::: MATERIAL TO PROCESS

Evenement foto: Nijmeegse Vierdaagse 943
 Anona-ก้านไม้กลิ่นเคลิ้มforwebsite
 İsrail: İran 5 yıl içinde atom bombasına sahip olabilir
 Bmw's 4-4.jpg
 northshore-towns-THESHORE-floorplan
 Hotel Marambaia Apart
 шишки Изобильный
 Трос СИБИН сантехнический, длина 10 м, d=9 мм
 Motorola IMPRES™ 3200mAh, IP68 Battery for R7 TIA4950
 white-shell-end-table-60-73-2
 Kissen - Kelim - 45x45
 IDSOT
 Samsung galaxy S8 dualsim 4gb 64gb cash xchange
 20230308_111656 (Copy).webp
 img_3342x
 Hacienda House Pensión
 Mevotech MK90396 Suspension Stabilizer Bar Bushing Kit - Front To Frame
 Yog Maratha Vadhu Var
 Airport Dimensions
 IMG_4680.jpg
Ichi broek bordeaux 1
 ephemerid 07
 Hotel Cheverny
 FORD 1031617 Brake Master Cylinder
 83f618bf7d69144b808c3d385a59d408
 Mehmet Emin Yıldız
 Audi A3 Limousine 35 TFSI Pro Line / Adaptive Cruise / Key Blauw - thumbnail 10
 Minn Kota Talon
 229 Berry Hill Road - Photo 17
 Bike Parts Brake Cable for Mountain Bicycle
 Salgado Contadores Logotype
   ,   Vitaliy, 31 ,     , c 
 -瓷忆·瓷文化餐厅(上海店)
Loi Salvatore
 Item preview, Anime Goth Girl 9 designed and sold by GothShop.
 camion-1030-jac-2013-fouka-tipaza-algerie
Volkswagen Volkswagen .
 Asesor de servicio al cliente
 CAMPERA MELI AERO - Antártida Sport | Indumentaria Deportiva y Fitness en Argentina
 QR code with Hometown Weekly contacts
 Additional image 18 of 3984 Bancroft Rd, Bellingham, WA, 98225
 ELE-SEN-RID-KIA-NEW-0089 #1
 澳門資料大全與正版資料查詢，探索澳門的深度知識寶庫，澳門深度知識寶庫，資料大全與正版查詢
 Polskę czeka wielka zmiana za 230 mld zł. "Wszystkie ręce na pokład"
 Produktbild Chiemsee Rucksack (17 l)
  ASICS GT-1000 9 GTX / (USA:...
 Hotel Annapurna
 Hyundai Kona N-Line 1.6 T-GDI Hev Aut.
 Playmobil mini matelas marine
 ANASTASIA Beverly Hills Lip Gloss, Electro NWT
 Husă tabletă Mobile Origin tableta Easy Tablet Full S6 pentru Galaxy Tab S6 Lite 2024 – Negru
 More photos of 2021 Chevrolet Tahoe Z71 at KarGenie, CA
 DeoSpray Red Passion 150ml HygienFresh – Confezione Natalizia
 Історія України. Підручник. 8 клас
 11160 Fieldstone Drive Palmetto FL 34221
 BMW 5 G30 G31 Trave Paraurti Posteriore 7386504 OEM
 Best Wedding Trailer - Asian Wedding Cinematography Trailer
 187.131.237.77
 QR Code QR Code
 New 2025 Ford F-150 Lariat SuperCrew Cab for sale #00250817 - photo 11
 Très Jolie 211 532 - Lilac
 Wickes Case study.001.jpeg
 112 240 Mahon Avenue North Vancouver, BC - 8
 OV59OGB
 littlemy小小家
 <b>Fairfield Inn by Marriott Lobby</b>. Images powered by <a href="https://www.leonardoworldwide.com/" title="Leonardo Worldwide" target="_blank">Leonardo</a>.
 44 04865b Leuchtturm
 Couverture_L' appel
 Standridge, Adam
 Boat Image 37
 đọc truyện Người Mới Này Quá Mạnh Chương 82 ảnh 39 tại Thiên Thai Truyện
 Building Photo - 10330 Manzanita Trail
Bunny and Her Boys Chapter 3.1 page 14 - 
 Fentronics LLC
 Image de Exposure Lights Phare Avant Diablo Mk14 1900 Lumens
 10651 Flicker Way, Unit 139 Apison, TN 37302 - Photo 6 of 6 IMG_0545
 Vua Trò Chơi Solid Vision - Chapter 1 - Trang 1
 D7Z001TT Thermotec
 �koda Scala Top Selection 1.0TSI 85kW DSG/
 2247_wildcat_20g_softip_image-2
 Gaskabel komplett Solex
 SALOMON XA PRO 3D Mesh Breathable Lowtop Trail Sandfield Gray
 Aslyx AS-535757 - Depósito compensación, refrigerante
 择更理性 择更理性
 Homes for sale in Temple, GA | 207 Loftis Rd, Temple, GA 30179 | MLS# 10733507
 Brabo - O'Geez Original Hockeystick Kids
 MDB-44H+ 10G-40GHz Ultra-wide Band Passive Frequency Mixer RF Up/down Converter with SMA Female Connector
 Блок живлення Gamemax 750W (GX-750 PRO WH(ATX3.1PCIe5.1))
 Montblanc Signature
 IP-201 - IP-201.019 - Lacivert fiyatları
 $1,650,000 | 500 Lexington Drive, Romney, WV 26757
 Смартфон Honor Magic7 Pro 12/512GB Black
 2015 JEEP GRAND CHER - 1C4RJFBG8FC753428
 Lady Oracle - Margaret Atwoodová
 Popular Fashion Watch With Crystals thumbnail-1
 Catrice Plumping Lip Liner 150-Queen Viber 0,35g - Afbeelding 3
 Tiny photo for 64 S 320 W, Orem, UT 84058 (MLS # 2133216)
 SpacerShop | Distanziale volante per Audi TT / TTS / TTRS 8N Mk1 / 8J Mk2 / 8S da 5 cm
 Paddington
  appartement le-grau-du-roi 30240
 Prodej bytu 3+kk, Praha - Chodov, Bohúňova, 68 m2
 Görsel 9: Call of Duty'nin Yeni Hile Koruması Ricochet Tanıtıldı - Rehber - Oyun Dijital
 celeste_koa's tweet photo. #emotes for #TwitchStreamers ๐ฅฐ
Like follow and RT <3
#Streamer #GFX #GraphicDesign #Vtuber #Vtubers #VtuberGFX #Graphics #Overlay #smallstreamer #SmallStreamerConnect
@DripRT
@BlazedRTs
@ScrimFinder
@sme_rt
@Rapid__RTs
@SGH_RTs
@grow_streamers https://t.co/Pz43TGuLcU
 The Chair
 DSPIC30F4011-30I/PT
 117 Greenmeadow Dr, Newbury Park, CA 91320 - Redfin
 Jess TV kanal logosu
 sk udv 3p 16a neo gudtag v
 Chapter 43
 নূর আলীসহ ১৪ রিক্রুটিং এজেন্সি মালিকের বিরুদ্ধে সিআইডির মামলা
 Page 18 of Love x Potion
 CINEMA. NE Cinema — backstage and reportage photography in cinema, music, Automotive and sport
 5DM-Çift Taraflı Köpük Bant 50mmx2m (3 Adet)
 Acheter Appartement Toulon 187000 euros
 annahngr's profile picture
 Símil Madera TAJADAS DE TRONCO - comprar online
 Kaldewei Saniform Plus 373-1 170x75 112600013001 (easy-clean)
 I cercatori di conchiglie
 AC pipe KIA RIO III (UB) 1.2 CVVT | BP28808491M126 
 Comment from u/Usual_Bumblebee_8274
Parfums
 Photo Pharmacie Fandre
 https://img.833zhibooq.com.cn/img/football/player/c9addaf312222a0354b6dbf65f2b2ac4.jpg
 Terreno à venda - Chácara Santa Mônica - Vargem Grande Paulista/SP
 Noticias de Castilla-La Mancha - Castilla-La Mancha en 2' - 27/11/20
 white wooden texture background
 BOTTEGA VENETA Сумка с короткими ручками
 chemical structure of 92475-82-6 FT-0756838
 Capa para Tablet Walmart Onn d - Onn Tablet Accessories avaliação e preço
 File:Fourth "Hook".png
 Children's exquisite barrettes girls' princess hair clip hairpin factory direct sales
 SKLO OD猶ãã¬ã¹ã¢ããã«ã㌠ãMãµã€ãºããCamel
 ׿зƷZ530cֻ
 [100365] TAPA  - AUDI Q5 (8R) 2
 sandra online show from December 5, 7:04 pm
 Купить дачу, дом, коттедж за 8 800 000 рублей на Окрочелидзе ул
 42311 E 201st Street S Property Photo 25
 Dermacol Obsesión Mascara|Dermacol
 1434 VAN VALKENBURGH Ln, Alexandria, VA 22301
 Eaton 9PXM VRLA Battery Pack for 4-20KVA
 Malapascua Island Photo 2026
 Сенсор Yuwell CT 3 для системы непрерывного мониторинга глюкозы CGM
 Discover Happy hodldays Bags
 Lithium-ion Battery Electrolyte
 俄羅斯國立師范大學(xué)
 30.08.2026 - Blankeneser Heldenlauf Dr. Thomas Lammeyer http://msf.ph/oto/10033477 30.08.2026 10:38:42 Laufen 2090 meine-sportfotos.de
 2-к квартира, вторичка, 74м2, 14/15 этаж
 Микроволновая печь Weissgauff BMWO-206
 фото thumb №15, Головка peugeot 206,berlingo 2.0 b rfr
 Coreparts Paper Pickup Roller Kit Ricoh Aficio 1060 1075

::::::

** TASK ITEM **
Track down every line in the entries that includes the string "from", and copy it.

** RESPONSE AREA **
 Comment from u/Usual_Bumblebee_8274
 sandra online show from December 5, 7:04 pm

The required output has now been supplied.